Given an input string (s) and a pattern (p), implement wildcard pattern matching with support for ‘?’ and ’*’.

• ‘?’ Matches any single character.

• ’*’ Matches any sequence of characters (including the empty sequence).

• The matching should cover the entire input string (not partial).

Notes:

• s could be empty and contains only lowercase letters a-z.

• p could be empty and contains only lowercase letters a-z, and characters like ? or *.

Example 1:

Input: s = “aa”, p = “a”

Output: False

Explanation:

• “a” does not match the entire string “aa”.

Example 2:

Input: s = “aa”, p = “*”

Output: True

Explanation:

• ’*’ matches any sequence.

Example 3:

Input: s = “cb”, p = “?a”

Output: False

Explanation:

• ‘?’ matches ‘c’, but the second letter is ‘a’, which does not match ‘b’.

Example 4:

Input: s = “adceb”, p = “*a*b”

Output: True

Explanation:

• The first ‘*’ matches the empty sequence, while the second ’*’ matches the substring “dce”.

Example 5:

Input: s = “acdcb”, p = “a*c?b”

Output: False

1. Iterative solution with Greedy

class Solution1(object):
    """
    Time: O(M+N)~O(M*N)
    Space: O(1)
    """
    def isMatch(self, s, p):
        """
        :type s: str
        :type p: str
        :rtype: bool
        """
        count = 0  # used for complexity check
        p_ptr, s_ptr, last_s_ptr, last_p_ptr = 0, 0, -1, -1
        while s_ptr < len(s):
            if p_ptr < len(p) and (s[s_ptr] == p[p_ptr] or p[p_ptr] == '?'):
                s_ptr += 1
                p_ptr += 1
            elif p_ptr < len(p) and p[p_ptr] == '*':
                p_ptr += 1
                last_s_ptr = s_ptr
                last_p_ptr = p_ptr
            elif last_p_ptr != -1:
                last_s_ptr += 1
                s_ptr = last_s_ptr
                p_ptr = last_p_ptr
            else:
                assert(count <= (len(p)+1) * (len(s)+1))
                return False
            count += 1  # used for complexity check

        while p_ptr < len(p) and p[p_ptr] == '*':
            p_ptr += 1
            count += 1  # used for complexity check

        assert(count <= (len(p)+1) * (len(s)+1))

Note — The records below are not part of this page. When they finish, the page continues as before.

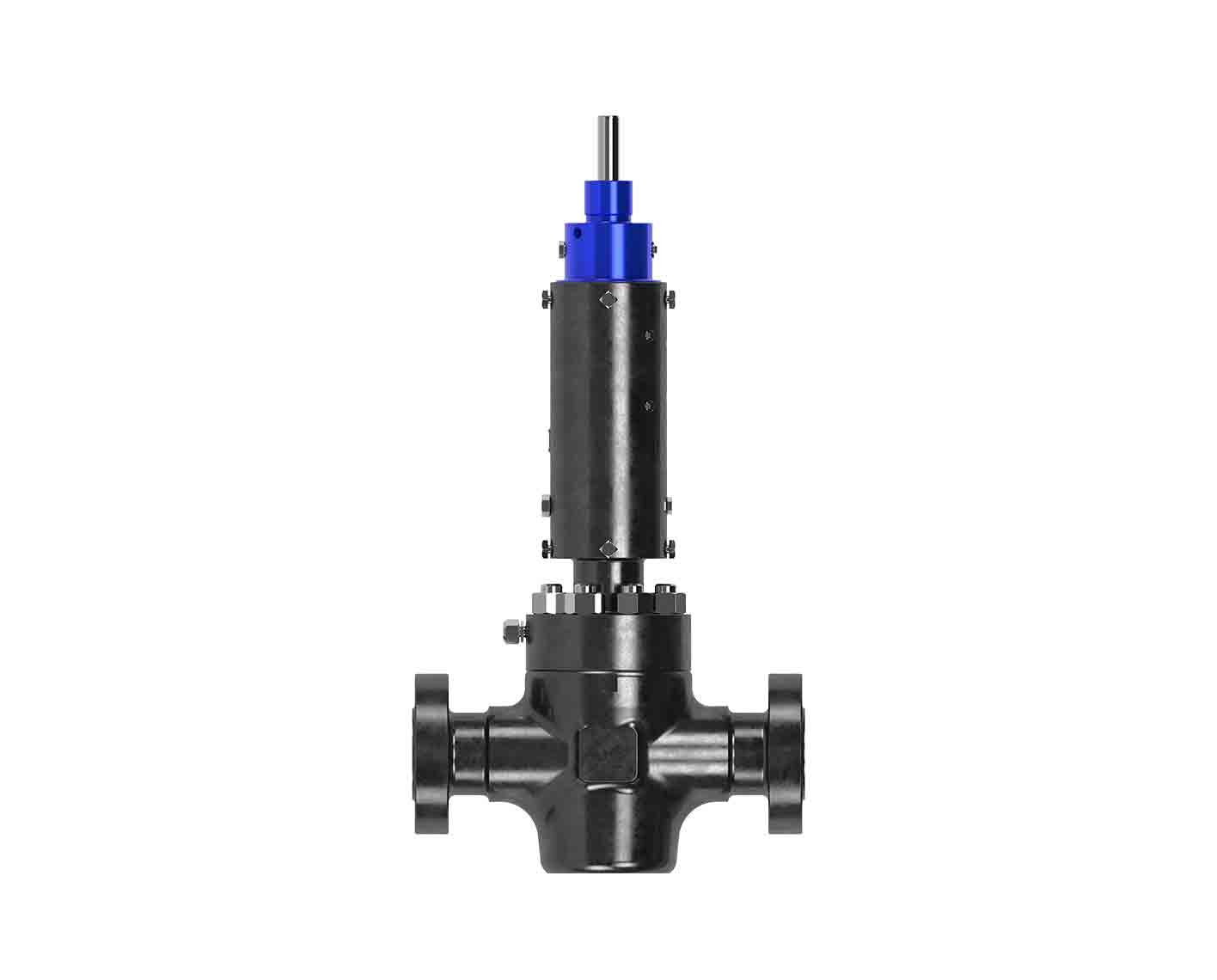 Rendering of an MH70X hydraulic gate valve actuator.
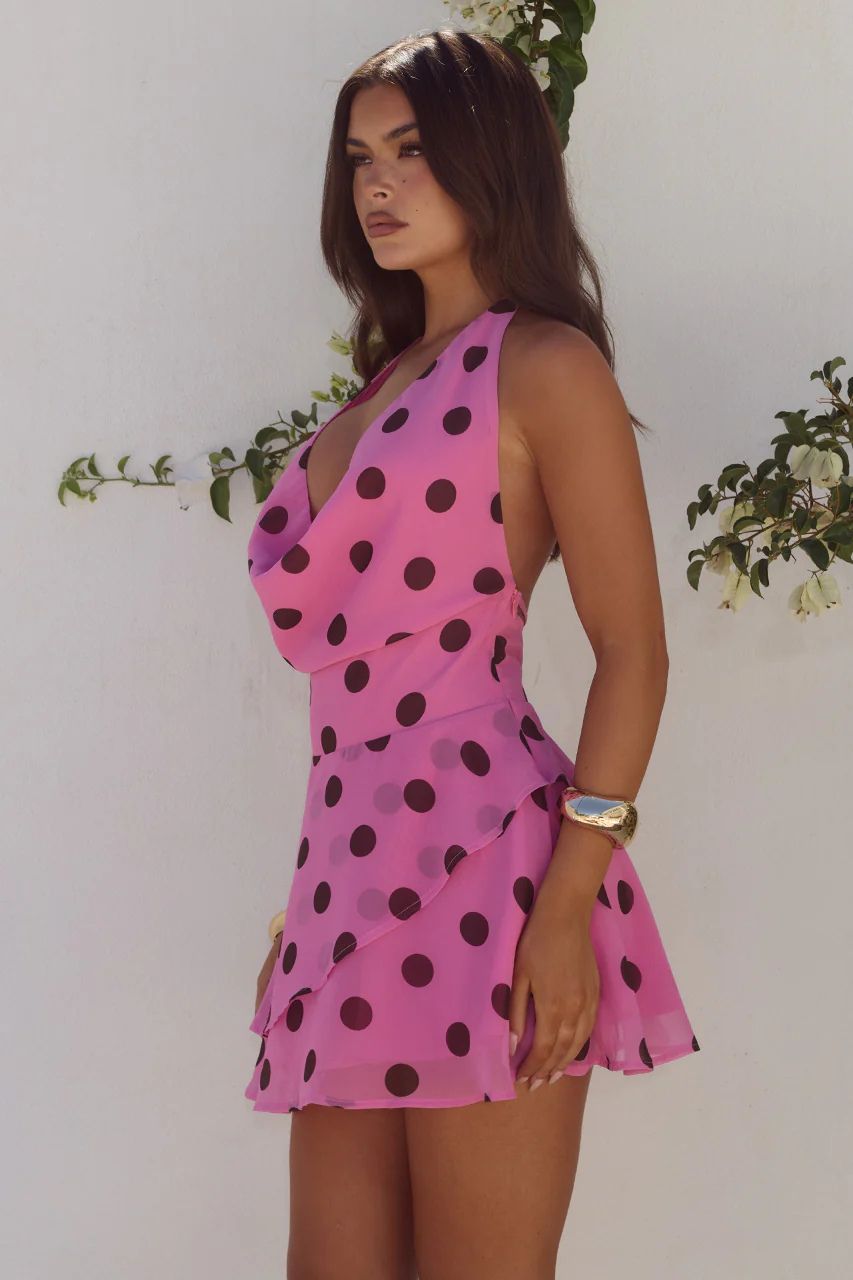 Imali Polka Mini Dress by Runaway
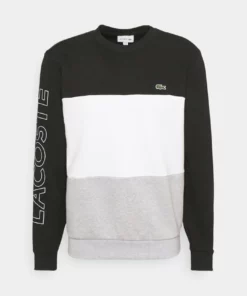 Lacoste Sweatshirt - Black/white Silver Chine 10 Lacoste Sweatshirt - Black/white Silver Chine -Lacoste Soldes Magasin bc134092418d4f7186a1eaafde4e9745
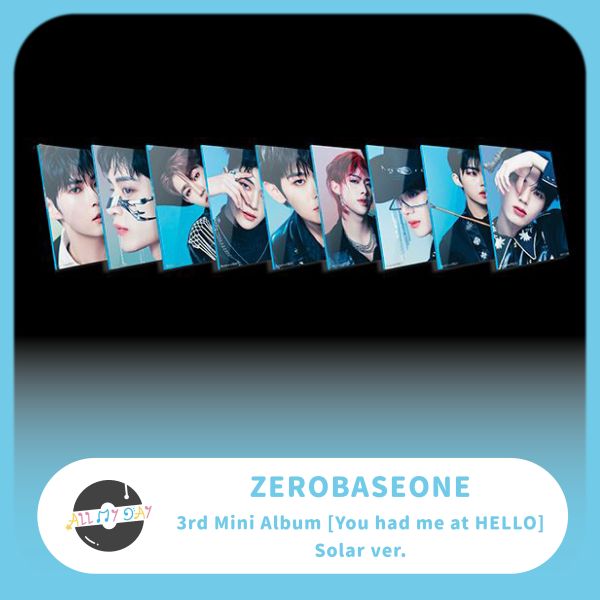 ZEROBASEONE 迷你三輯《You had me at HELLO》(SOLAR ver.) ZEROBASEONE,迷你三輯,You had me at HELLO,SOLAR ver.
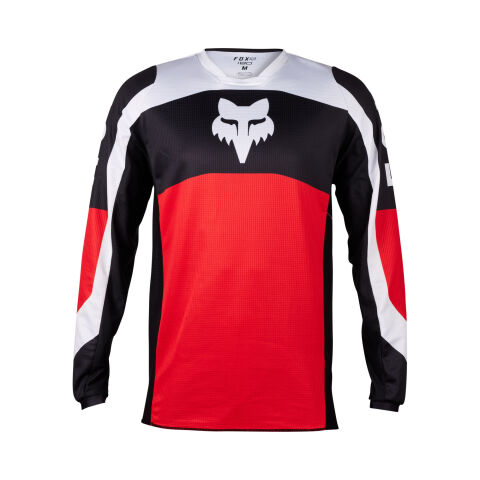 FOX 180 Nitro Jersey - Extd Sizes - M, Fluo RED MX24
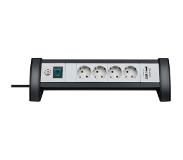 Brennenstuhl 1156250534 Premium Office-Line PDU | Bureau Stekkerdoos | 16A met 4x Type F Stopcontacten | 2x USB-A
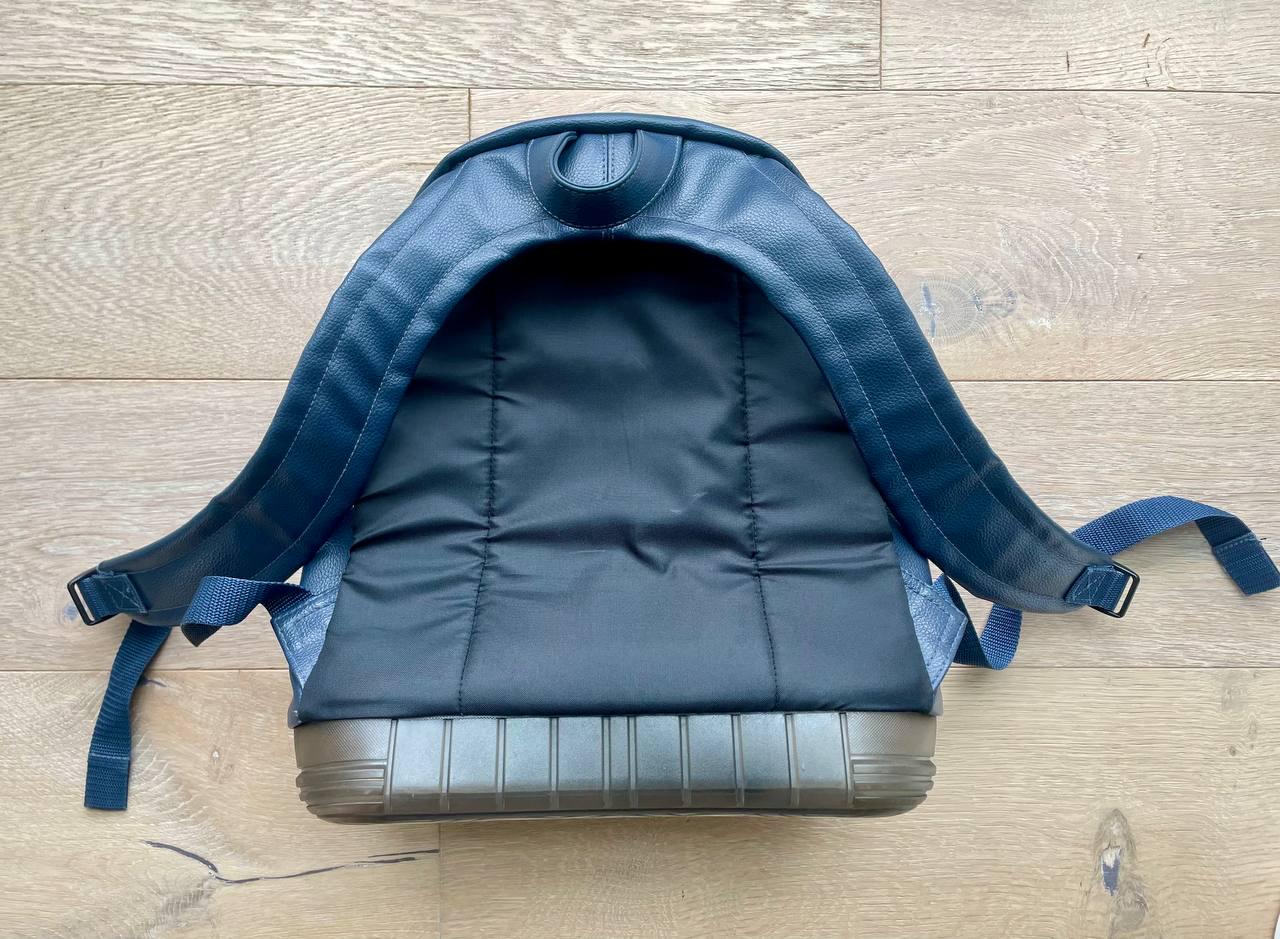 Nike Vintage 1990's/2000's Faux Leather Blue Mini Backpack F1 JPM
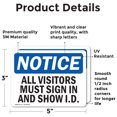 thumbnail image 2 of (2 Pack) All Visitors Must Sign, 2 of 7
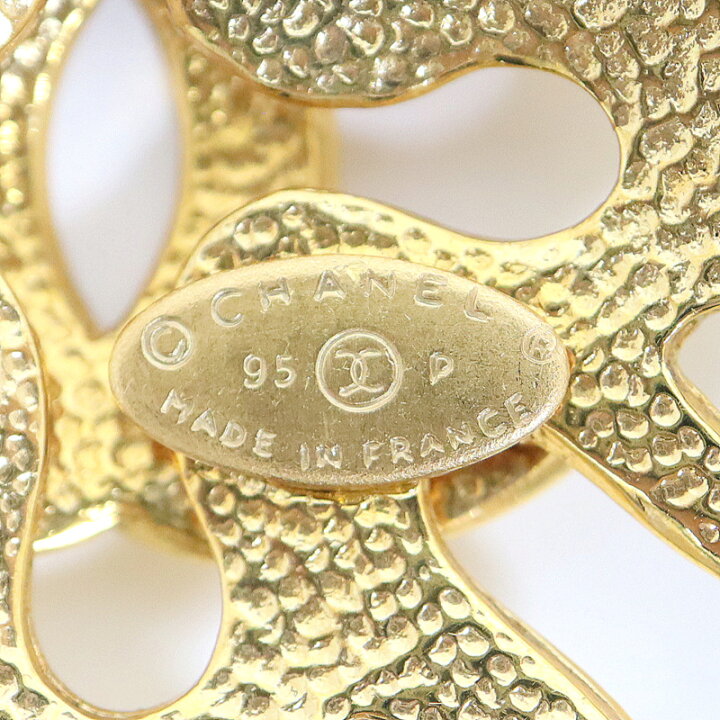 楽天市場】【CHANEL】シャネル ピンブローチ ココマーク GPメッキ  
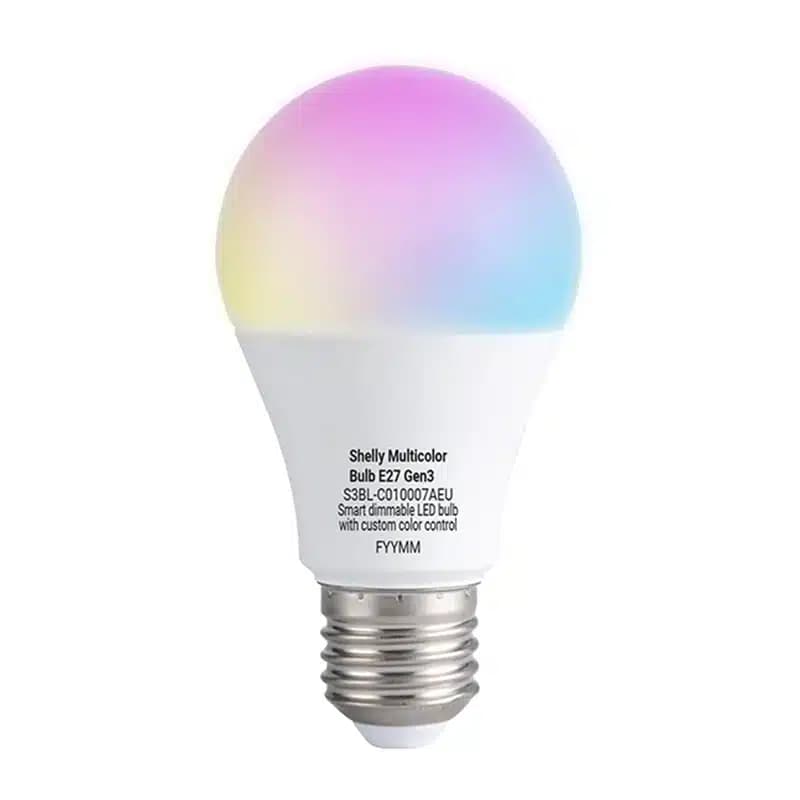 Shelly Multicolor Bulb Gen3 E27 Λαμπτήρας LED, Πολύχρωμος 2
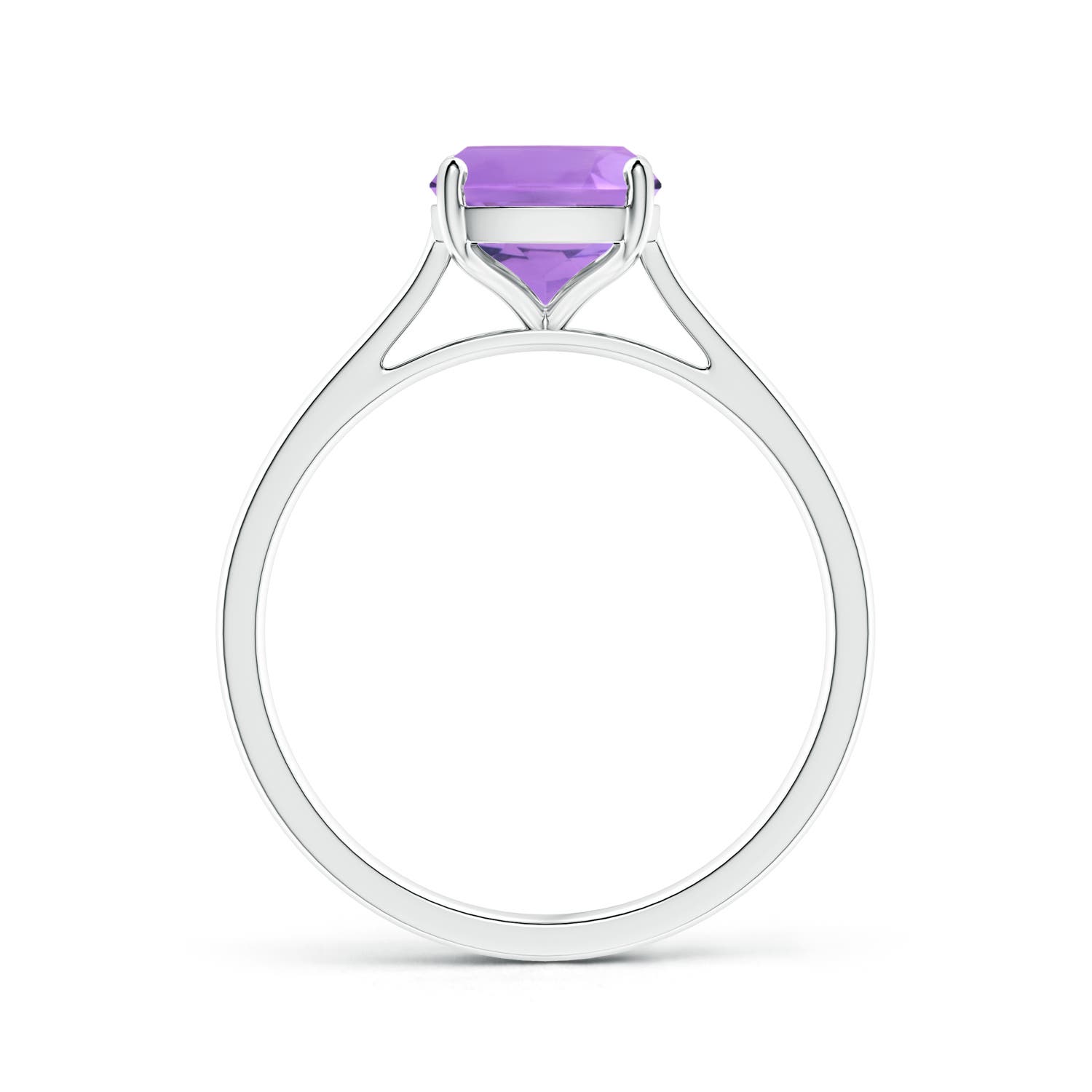 A - Amethyst / 2 CT / 14 KT White Gold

        return p_ptr == len(p)

sol = Solution1()

s = "aa"
p = "a"
assert sol.isMatch(s, p) == False
s = "aa"
p = "*"
assert sol.isMatch(s, p) == True
s = "cb"
p = "?a"
assert sol.isMatch(s, p) == False
s = "adceb"
p = "*a*b"
assert sol.isMatch(s, p) == True
s = "acdcb"
p = "a*c?b"
assert sol.isMatch(s, p) == False

2. Dynamic Programming with rolling window

class Solution2(object):
    def isMatch(self, s, p):
        k = 2
        result = [[False for j in range(len(p) + 1)] for i in range(k)]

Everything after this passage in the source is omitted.